Capital of Antigua and Barbuda

St. John's (Sen Jaan) is the largest city in Antigua and Barbuda. It is located in the western part of Antigua, surrounding St. John's Harbour. It is the main city of the Central Plain region. The city is Antigua and Barbuda's primate city, having a population of 22,219. St. John's also dominates the parish of Saint John, which makes up much of the city's metropolitan area. From its establishment after the French invasion in 1666, the city has rapidly grown, eventually replacing Falmouth as the island's dominant city.

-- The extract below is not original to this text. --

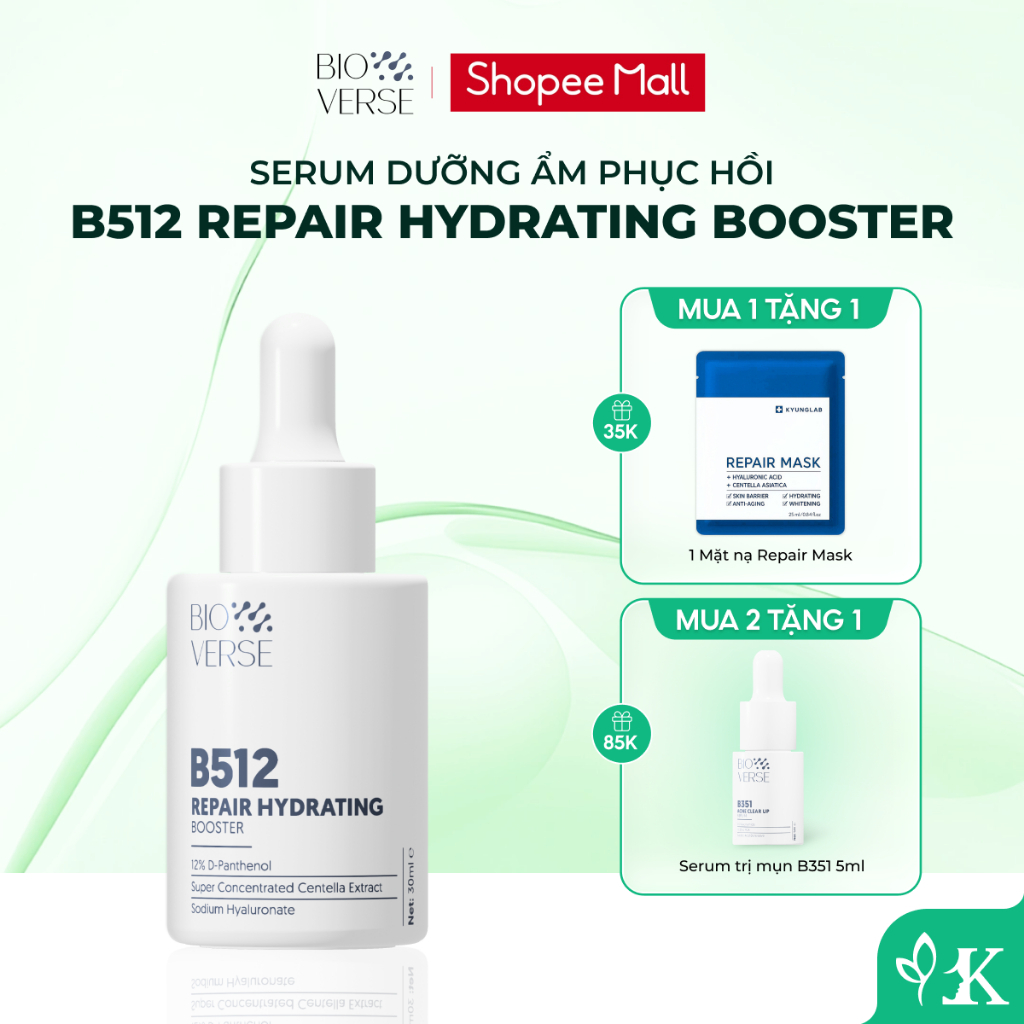 Serum dưỡng ẩm phục hồi Bioverse B512 Repair Hydrating Booster làm dịu cho da căng bóng 30ml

After its establishment, St. John's became an official trading point in 1675. By 1689, St. John's had overtaken Falmouth in population. St. John's continued to grow throughout the 1700s, occasionally being impacted by a fire or hurricane. St. John's has largely been spared from armed conflict, although a large-scale slave revolt was planned in the city in 1736.

St. John's is not necessarily a premier tourist destination, as it primarily functions as the country's economic centre. St. John's is home to Antigua State College, the country's largest higher education institution, and an open campus of the University of the West Indies. St. John's is attempting to modernise its economy, being home to many convention centres and contemporary office buildings. St. John's is also home to the national library and most government agencies. St. John's is the origin of the All Saints Road corridor, in which most of the country's population lives. While St. John's completely dominates its metropolitan area, the city's economy has stimulated that of surrounding areas like Piggotts and Cedar Valley. While St. John's houses all three branches of government, no law has declared St. John's the official capital city. Most diplomatic missions are located in the nearby village of Marble Hill.

== History ==
Prior to its establishment, a small group of houses in what is now St. John's lined an area known as "the Cove", now St. John's Harbour. St. John's was laid out following the French invasion of 1666, due to the site's strategic location on St. John's Harbour. An act was passed to build a town on the harbour in April 1668. On 16 September 1675, a sitting of the island’s legislature in Old Road established six places of trade, one of which being St. John’s. This was a significant increase from the traditional two. By 1689, St. John’s was as large as Falmouth. The remainder of the 1600s were largely peaceful, until 7 December 1710. On that date, Daniel Parke was killed after much of his assembly had nearly been expelled from St. John's to Parham. In 1736, a plan by St. John's resident Prince Klaas to turn Antigua into an independent African kingdom was discovered, resulting in his being killed. 132 other co-conspirators were also punished. The plot caused a large scare, and in 1741, barracks were built on Rat Island, and in 1753, in the centre of the town.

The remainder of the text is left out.